Florida Power Corp. has settled several employment discrimination complaints and lawsuits brought by two former workers at its nuclear power plant in Crystal River, ending three years of litigation. The terms of the settlement were not made public. Florida Power spokesman Rick Janka confirmed the settlement on Wednesday but would not comment further. He said the company would issue a statement in a few days.
The complaints and lawsuits stem from a March 1988 incident in which Florida Power refused to issue respirators that the two workers thought were necessary for work in a radioactive area.
The workers, brothers Larry and Floyd Mitchell Simmons, protested the respirator issue and were laid off shortly after.
They filed a complaint against Fluor Constructors Inc., the subcontractor that employed them at the plant, alleging that they were fired because of their protests.
A federal whistle-blower statute protects nuclear power plant employees who raise safety concerns from retaliation by their employers.

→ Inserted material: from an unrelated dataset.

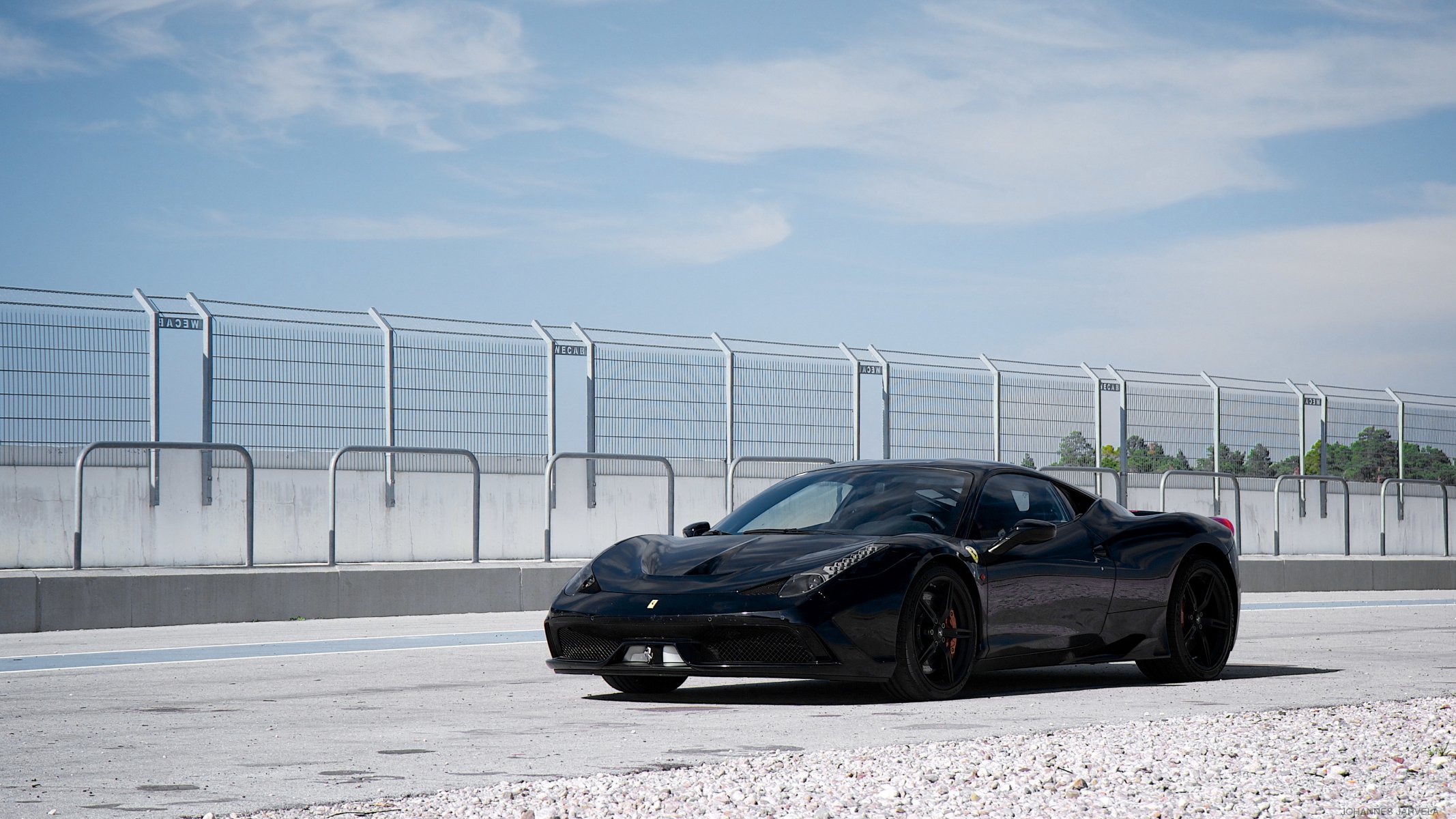 ferrari 458 speciale schwarz ferrari geländer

The Simmonses filed a second set of complaints against both Fluor and Florida Power after the two brothers were refused jobs when they tried to return to work at the plant in February and March of 1989.
They also filed slander lawsuits against both Florida Power and utility spokesman Mark Jacobs after Jacobs told reporters that the Simmonses were denied jobs because they were "an unacceptable safety and security risk."
The Simmonses and their attorney, Louis D. Putney of Tampa, could not be reached for comment.